Finally it plunged down into the red world, roaring like all the furies of hell as it smashed into the crust. Under that titanic violence the rocks turned liquid almost down to the very core of the red world. An enormous cloud of burning dust boiled high into the atmosphere and spread swiftly from pole to pole. The shock rang through the whole body of the poor tortured red world, lifting up the ground on the opposite side of the globe into a gigantic bulge. The very air of the red world was blown away almost completely.
Darkness covered the face of the red world. There was no day; only black night. The waters froze, later to be covered by the red dust sifting down through the pitifully thin air. The crust hardened over once again, but deep below, the rocks were still white-hot, liquid, seething. Volcanoes erupted for thousands of centuries afterward.
When the skies cleared at last, the red world was a scene of utter devastation. The seas were gone. The atmosphere was nothing more than a thin wisp of what it had once been. The ground was barren. Life, if it had ever existed on the red world at all, was nowhere to be seen.
EARTH
NEW YORK: Alberto Brumado squinted when the overhead lights were turned on; then his eyes adjusted to the brightness. How much of my life have I spent in television studios? he asked himself. It must be years, many years, if you add up all the minutes and hours.
For the first time in his memory, though, he felt nervous about the impending interview. Not because it was American network television. Not because he would have to face a trio of experienced senior interrogators from the most prestigious newspaper, news magazine, and television network news department in the United States. He had fenced with such before.
The anxiety that rippled through his heart was that the interviewers smelled blood. The death of Dr. Konoye had brought the sharks out, circling, circling what they perceived as a wounded and bleeding Mars Project. There would be no gentility about this interview, no kid gloves. Brumado knew that he was in for a rough ordeal.

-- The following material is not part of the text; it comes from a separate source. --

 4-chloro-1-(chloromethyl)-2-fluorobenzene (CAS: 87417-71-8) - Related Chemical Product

The technical crew had been uniformly kind, as usual. The matronly makeup woman smiled and chatted with him as she patted pancake on Brumado’s browned face. While he was still in the barber-type chair, the harried-looking producer had come in. Standing behind him and speaking to Brumado’s reflection in the big wall mirror, she assured him that all he had to do was to be natural, be himself, and the audience “will love you up.” The young assistant producer, younger than his own daughter, had done everything she could to put Brumado at ease. Accustomed to smilingly evasive politicians and brash entertainment stars who hid their anxieties behind banalities, she offered Brumado coffee, soft drinks, even a Bloody Mary. Smiling tensely, he refused everything except water.
Now he was in the studio with the crew hiding behind their cameras and the electrician pinning the cordless microphone to his necktie just under his chin.

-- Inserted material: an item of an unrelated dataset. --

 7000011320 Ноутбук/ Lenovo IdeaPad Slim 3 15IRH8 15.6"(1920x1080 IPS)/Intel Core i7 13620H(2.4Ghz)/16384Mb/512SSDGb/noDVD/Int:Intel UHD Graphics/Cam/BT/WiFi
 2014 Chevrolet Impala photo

The show’s moderator walked onto the brightly lit set, up the carpeted two stops to the chair next to Brumado’s.
Extending a hand, he said, “Please don’t get up, Dr. Brumado. It was good of you to come on such short notice.”

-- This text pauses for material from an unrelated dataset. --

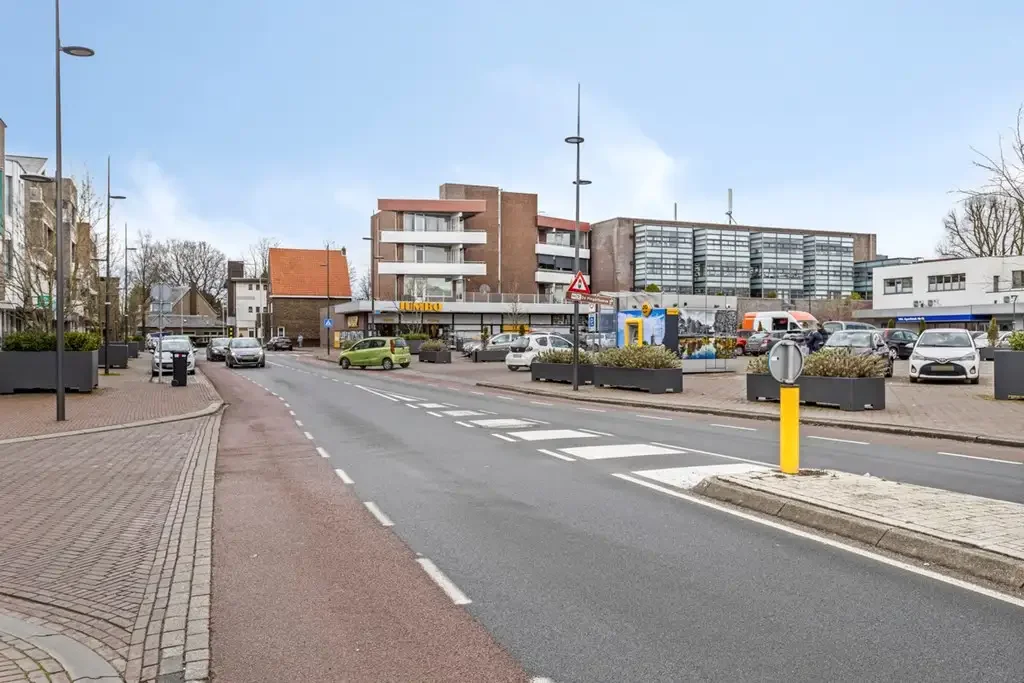 Foto van de Appartement gelegen aan de Markt in Nuth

“I want to dispel any doubts that may be in the public’s mind about this unfortunate tragedy,” Brumado replied as the moderator sat down. His microphone was already in place, hardly visible against his dark blue tie. He also wore a minuscule flesh-toned earphone like a hearing aid.
“Good, good,” said the moderator absently, his eyes focused on the notes scrolling across the small display screen cleverly built into the coffee table in front of them so that it could not be seen by the cameras.
The three inquisitors arrived in a group, smiling, chatting among themselves. Two men and a woman whose ebony hair glowed like a steel helmet. Handshakes all around. Brumado thought of a prizefight. Now go to your corners and come out punching.
The floor director scurried in and out of the shadows among the cameras. The big clock beneath the monitor screen clicked down the final seconds, its second hand stopping discernibly at each notch on the dial.